Ils considèrent que ce principe n'est pas respecté et que tous les progrès qui ont pu être faits n'entament pas les soupçons qu'ils ont à l'égard de la justice. La justice est trop dépendante du politique. Il y a quelques instants, Marc Dolez rappelait l'appréciation portée par nos concitoyens sur la justice.

L'article 6 de la Convention européenne rappelle l'exigence de garantir le droit fondamental pour chaque citoyen de voir son cas jugé équitablement sur le seul fondement de cette application du droit. Cette exigence fonde le principe selon lequel les magistrats doivent être indépendants, ce qui ne constitue pas « une prérogative ou un privilège accordé dans leur intérêt personnel, mais bien dans celui de l'État de droit, l'exigence de toute personne attendant et demandant une justice impartiale ». Je cite le Comité des ministres du 17 novembre 2010, que vous avez également évoqué, madame la garde des sceaux. La recommandation soulignait que cette indépendance devait être appréciée comme une garantie des libertés individuelles et de la liberté d'appliquer la loi.

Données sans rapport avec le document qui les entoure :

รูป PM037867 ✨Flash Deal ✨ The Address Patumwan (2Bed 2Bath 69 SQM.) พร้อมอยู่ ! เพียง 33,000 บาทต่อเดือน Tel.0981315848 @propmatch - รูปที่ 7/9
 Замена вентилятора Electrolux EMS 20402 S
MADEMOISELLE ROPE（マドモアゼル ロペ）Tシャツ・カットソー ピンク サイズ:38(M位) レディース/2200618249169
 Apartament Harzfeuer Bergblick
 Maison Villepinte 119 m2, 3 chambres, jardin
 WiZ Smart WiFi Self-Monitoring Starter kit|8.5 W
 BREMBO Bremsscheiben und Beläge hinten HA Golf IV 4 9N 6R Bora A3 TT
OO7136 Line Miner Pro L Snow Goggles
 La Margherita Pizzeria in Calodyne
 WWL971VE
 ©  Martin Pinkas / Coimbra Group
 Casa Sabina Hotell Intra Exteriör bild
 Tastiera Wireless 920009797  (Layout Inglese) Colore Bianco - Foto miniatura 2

Cette appréciation s'est traduite par la volonté de François Hollande, alors candidat à l'élection présidentielle, lorsqu'en février 2012, évoquant les grandes réformes qu'il entendait conduire, s'agissant de la justice, il invoquait cette exigence d'indépendance, non comme une concession aux magistrats, mais « comme une garantie pour le justiciable pour qu'il ait la certitude que le juge ne se détermine qu'en fonction de la loi ».

Le texte qui nous est proposé traduit cet éminent impératif démocratique, mais, je le crois très sincèrement, prolonge, comme l'a dit notre rapporteur, ce qui a été fait en 2008 en construisant une nouvelle étape.

La réforme du Conseil supérieur de la magistrature et les relations entre le ministère de la justice et le ministère public – que nous évoquerons demain, avec le projet de loi dont j'ai l'honneur d'être le rapporteur et qui accompagne cette démarche constitutionnelle – sont les deux expressions majeures de la réalité de l'indépendance de la justice.

S'agissant du Conseil supérieur de la magistrature, il nomme les magistrats, assure la promotion de leur carrière et exerce le contrôle disciplinaire. On mesure, du fait de cette compétence, combien le CSM est au coeur non seulement de l'institution judiciaire, mais aussi des garanties que l'institution judiciaire doit donner à nos concitoyens.

La présence à sa tête, pendant plus d'un siècle et demi, du Président de la République et du garde des sceaux et l'unicité d'origine des propositions de nomination, qui constituaient le mode antérieur, ne laissent planer aucune hypothèque sur la réalité de cette indépendance, que ne manquera pas d'accentuer le principe de l'article 64 de la Constitution qui confie au Conseil supérieur de la magistrature le soin d'assister le Président de la République dans sa fonction de garant de l'indépendance de l'autorité judiciaire.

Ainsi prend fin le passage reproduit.